Neither of these processes can sustain a jet for seven hours, pushing researchers to explore more exotic possibilities.
A Record-Shattering Event
GRB 250702B's duration of 7 hours is more than 60% longer than the previous record. For context, an average long GRB lasts for about 30 seconds. This new event lasted nearly 850 times longer than average.
A New Theory: The Helium Merger
To explain the marathon explosion, Neights and her colleagues have proposed a 'helium merger' model. This scenario involves a binary system containing a stellar-mass black hole and a special type of companion star known as a helium star.
A helium star is the dense core of a massive star that has already had its outer layers of hydrogen stripped away. These stars can go through phases of expansion. According to the theory, as the helium star expanded, it engulfed its orbiting black hole companion.
Once inside the star, the black hole began to rapidly consume material from the core. This process transferred an immense amount of angular momentum to the black hole, powering a sustained jet that punched its way out of the star and produced the long-lasting gamma-ray burst.
"Suddenly, you have all of this angular momentum being transferred into the black hole, which can give rise to a jet which lasts a long time," Neights noted, explaining why this model fits the observation so well.
Why Are These Events So Rare?
The discovery of GRB 250702B raises a critical question: if these events happen, why have we not seen more of them?
Researchers suggest two main reasons. First, the specific conditions required for a helium merger may be less common than those for other types of GRBs. The binary system must have the right combination of masses and orbital distance for the event to occur.

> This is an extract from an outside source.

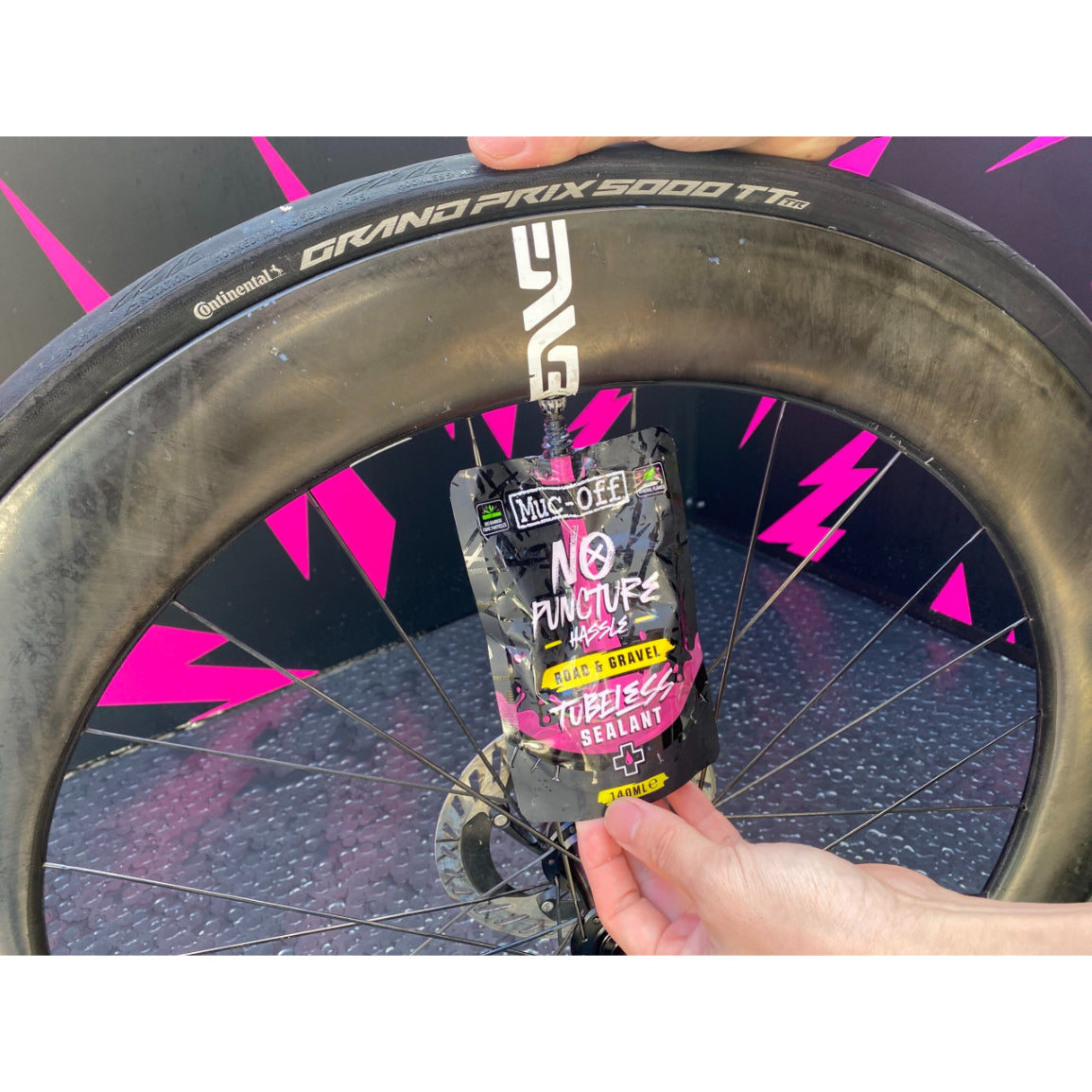 ROAD & GRAVEL TUBELESS SEALANT Muc-off マックオフ チューブレスシーラント ロードバイクシーラント グラベルチューブレス 竹繊維シーラント 高圧タイヤ対応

Second, these extremely long bursts are inherently difficult to detect. Most survey telescopes are optimized to find short, bright flashes against the background noise of space. A dimmer, more prolonged signal can be easily missed or misidentified.
"Theyβre also dimmer, which limits the distance we can detect them over," Neights added, highlighting the observational challenges.

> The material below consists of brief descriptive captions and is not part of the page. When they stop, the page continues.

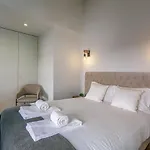 Lovelystay - Downtown With Pool, Ac And Balcony * Πόρτο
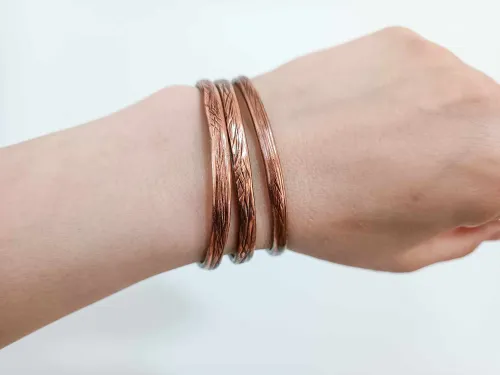 Strips in copper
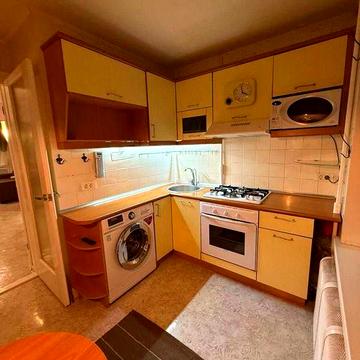 Оренда однокімнатної квартири , ул. Погребняка 18г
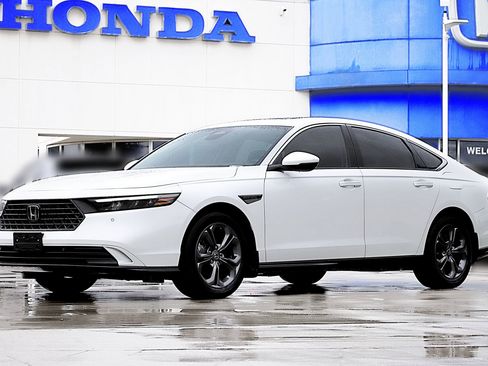 Used 2025 Honda Accord EX-L image 1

Future Telescopes and New Discoveries
The scientific community is now looking ahead to new instruments that could help find more of these rare events. Neights is involved with the upcoming Compton Spectrometer and Imager (COSI) telescope, a gamma-ray survey mission scheduled for launch in 2027.
A key goal is to ensure that COSI's software and detection protocols are equipped to identify these unusual, long-duration signals. By specifically searching for these marathon bursts, astronomers hope to determine how frequently they occur and build a more complete picture of the violent ways stars can die.
The discovery of GRB 250702B has opened a new window into the extreme physics of the cosmos, reminding us that the universe still holds profound surprises.